Matt Rothschild, Nokia's Middle East and Africa GM for enterprise solutions, says this will increasingly also be the case for mobile phone users.
Nokia SA senior sales manager for enterprise solutions Richard Vester adds that some local Internet service providers can already provide cellular calls for as little as 17c a minute. This compares with R2.85 for a typical MTN contract holder and R1.85 for a pay-as-you go subscriber.
“VOIP is going to be a big player in the future… there is going to be a massive amount of cost reduction in that space,” says Vester. “How operators will respond to it remains to be seen. South Africans can already use this technology to slash costs.”
Vester says it is not clear how SA's mobile providers will respond to mobile VOIP. “There's no doubt the operators can see exactly what traffic is going through their networks. They are not blocking it yet.”
Rothschild says mobile operators in other Nokia markets, such as Singapore, have responded positively to the challenge. “They've recognised the potential of bringing all this together.”
He notes that a mobile provider there now offers clients a wireless router with Internet access. “When you go home, your [Nokia] E65 logs onto the router, giving you free VOIP calls in Singapore and low-cost international calls. When you leave home, you are a GSM customer.
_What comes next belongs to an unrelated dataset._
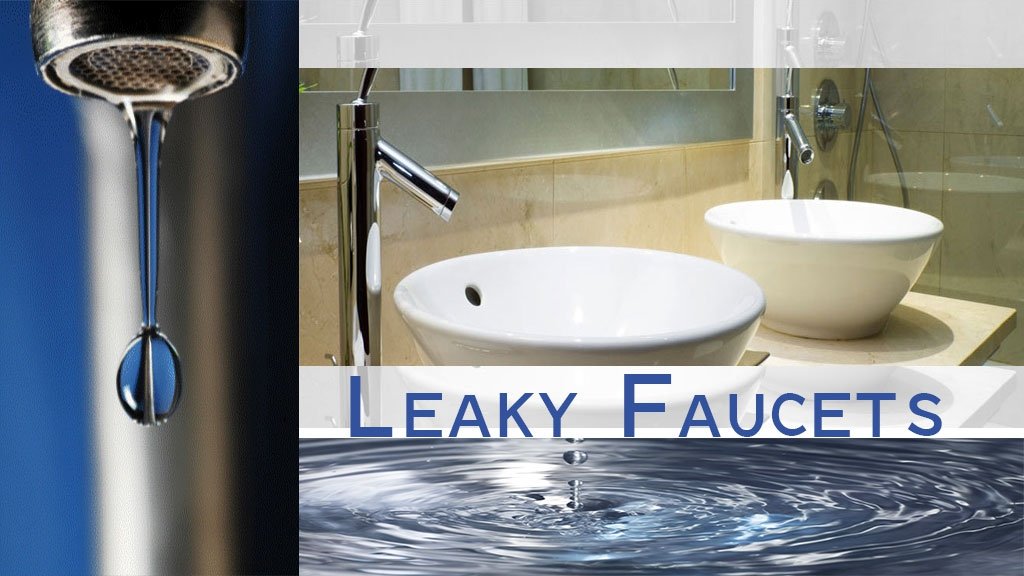 Faucets - Repairs and install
It is a smart play because it keeps customers on their network and gives them a low-cost service tailored for their needs.”
Future phones
Vester adds that convergence is accelerating in handsets. “There is convergence between security on the device and the mobilising of e-mail, of applications – this will be used much more by business in the future, the voice functionality, VOIP integrated into wireless LAN. All of these things are already being integrated into devices.”
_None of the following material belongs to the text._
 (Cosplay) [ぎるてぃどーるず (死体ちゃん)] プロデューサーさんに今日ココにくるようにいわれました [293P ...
Going forward, he says: “These are all going to thread together in a tighter fashion because you are going to see corporates mobilising applications.
“Middleware will allow all the building blocks one wants, from wireless e-mail right to application synchronisation and device management on top, so that the administrators can manage the device, push VOIP settings down to the device [and so on].”
Vester foresees that, in the enterprises space, mobile handsets will increasingly become company assets. “So you will see more companies go out and buy devices and manage them as if they are laptops.”